All Power To The People: Initiatives And Referenda In California

A year ago, I addressed the effective date of California legislative bills in this post.  In California, the people can also exercise legislative power through two different mechanisms - the initiative and the referendum.  In fact, the California Constitution proclaims:

All political power is inherent in the people.  Government is instituted for their protection, security, and benefit, and they have the right to alter or reform it when the public good may require.
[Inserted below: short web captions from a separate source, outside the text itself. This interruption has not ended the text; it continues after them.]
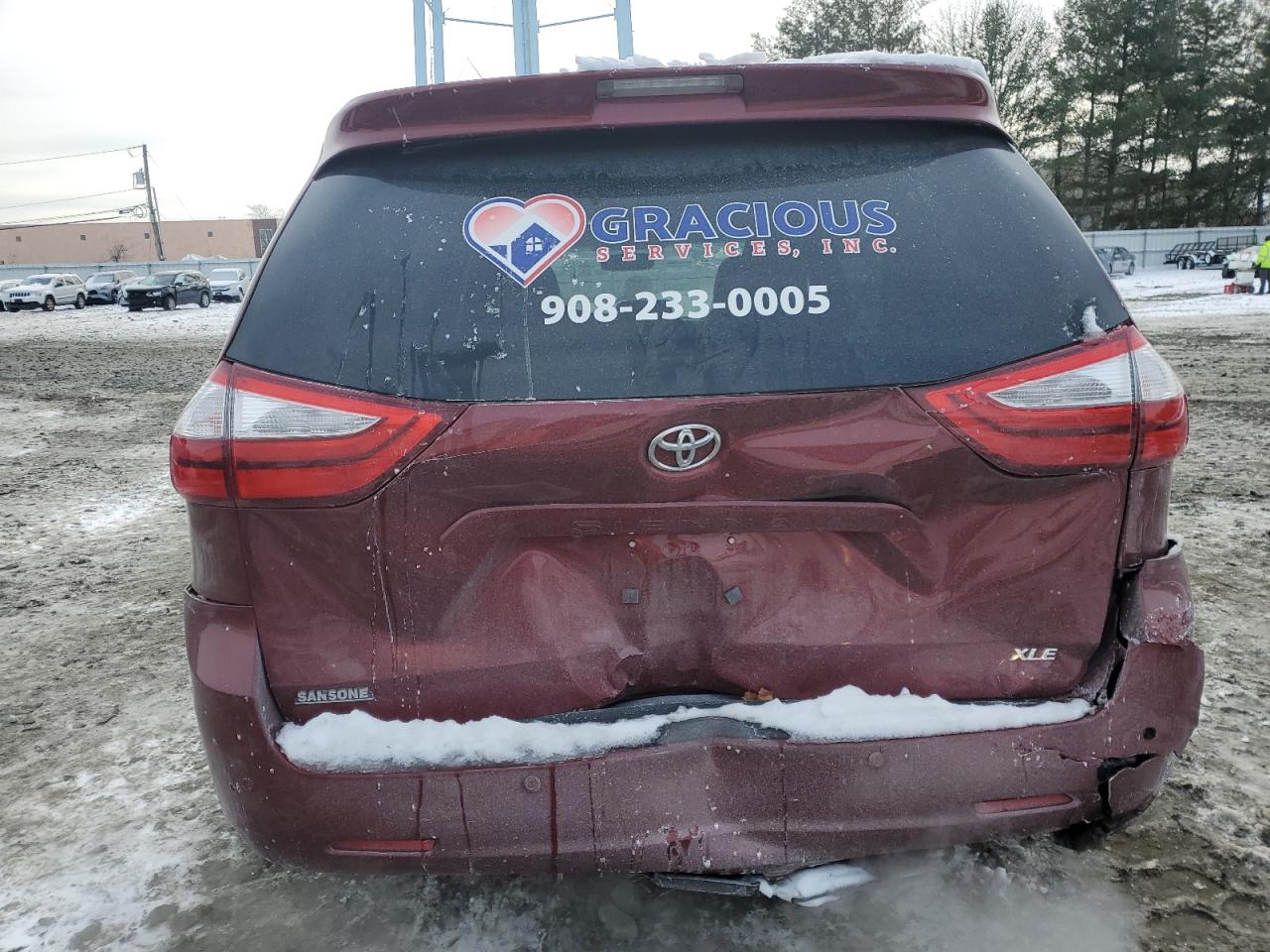 2015 Toyota Sienna - Image 6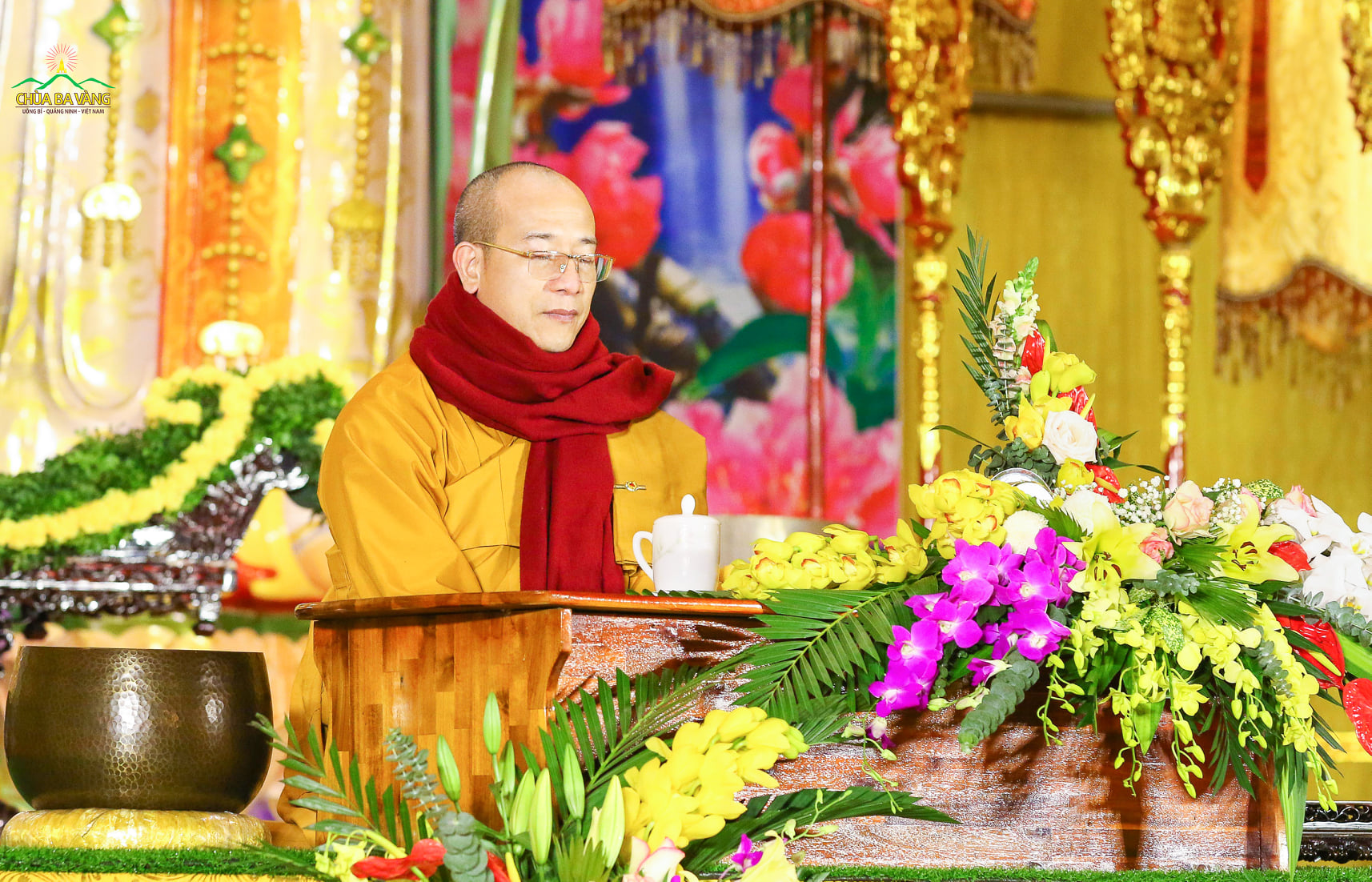 Sư Phụ Thích Trúc Thái Minh ngồi thiền trong đêm mừng Đức Phật thành đạo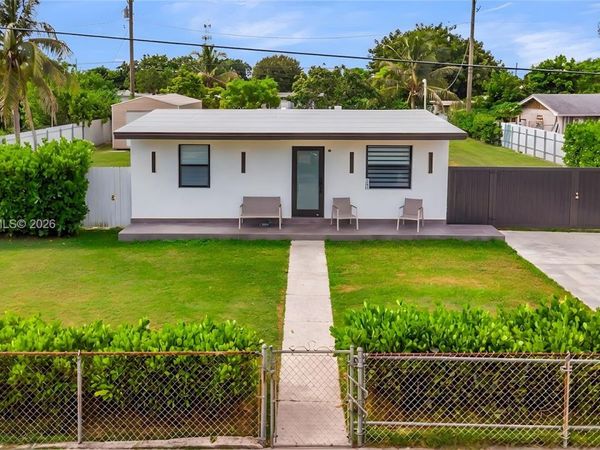 10420 SW 182nd St , Miami, FL 33157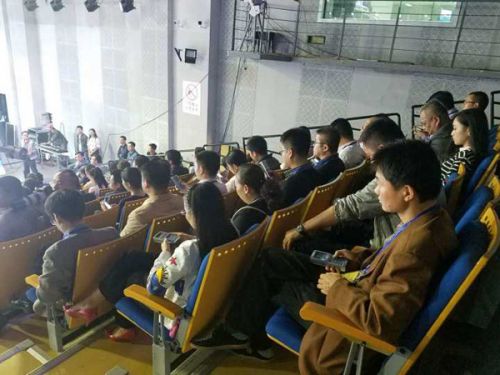 在第一轮的满意度现场调查中，52%的观众表示满意。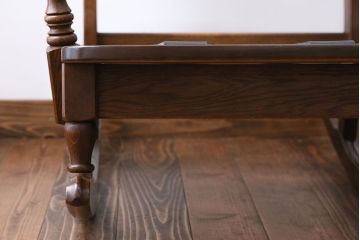 中古　飛騨産業　穂高　WINDSOR　ナラ材のロッキングチェア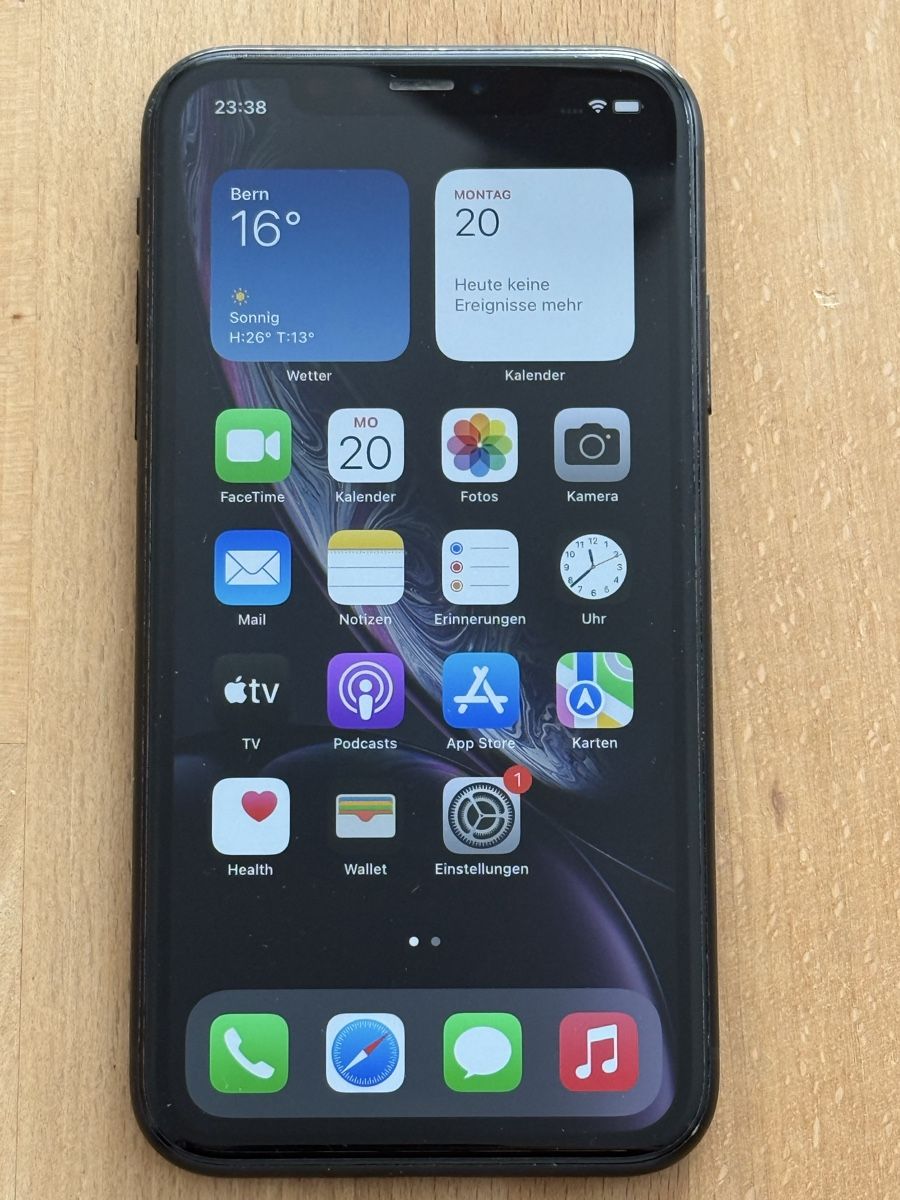Apple Telefoni cellulari / Smartphones: iPhone XR 64GB schwarz – Usato da Zürich venduto da ton_p8mn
Cal. Const. Art. II, § 1.  An initiative is the power of the electors to propose statutes and amendments to the constitution and to adopt or reject them.  Cal. Const. Art. II, § 8.  A referendum is the power of the electors to approve or reject statutes or parts of statutes except urgency statutes, statutes calling elections, and statutes providing for tax levies or appropriations for usual current expenses of the State.  Cal. Const. Art. II, § 9.

Last Friday, I wrote about Proposition 54 which is an initiative constitutional amendment and statute.  The California ballot also included a legislative advisory proposition, Proposition 59, which asks whether California's elected officials should use their authority to propose and ratify an amendment to the federal Constitution overturning the United States Supreme Court decision in Citizens United v. Federal Election Commission, 558 U.S. 310 (2010).  The legislature placed Proposition 59 on the ballot after the California Supreme Court held that it had the authority to do so even though California's constitution does not expressly empower the legislature to do so.  Howard Jarvis Taxpayers Assn. v. Padilla, 62 Cal. 4th 486, 494 (2016).  See Legislature Tries Again To Put Citizens United On California Ballot.  According to the Secretary of State, Proposition 59 is leading with 4,599,303 yes votes (52.5%) and 4,160,665 no votes (47.5%).

Although the estimable Fowler's Modern English Usage opines that the preferred plural form of "referendum" is "referendums", I prefer "referenda".  "Referendum" is the Latin gerundive form of the verb refero, meaning to carry back.  Because "referendum" is grammatically neuter, the plural is formed in Latin by changing the "um" ending to an "a".  The California legislature also uses "referenda".  See, e.g., Cal. Election Code § 9001(d).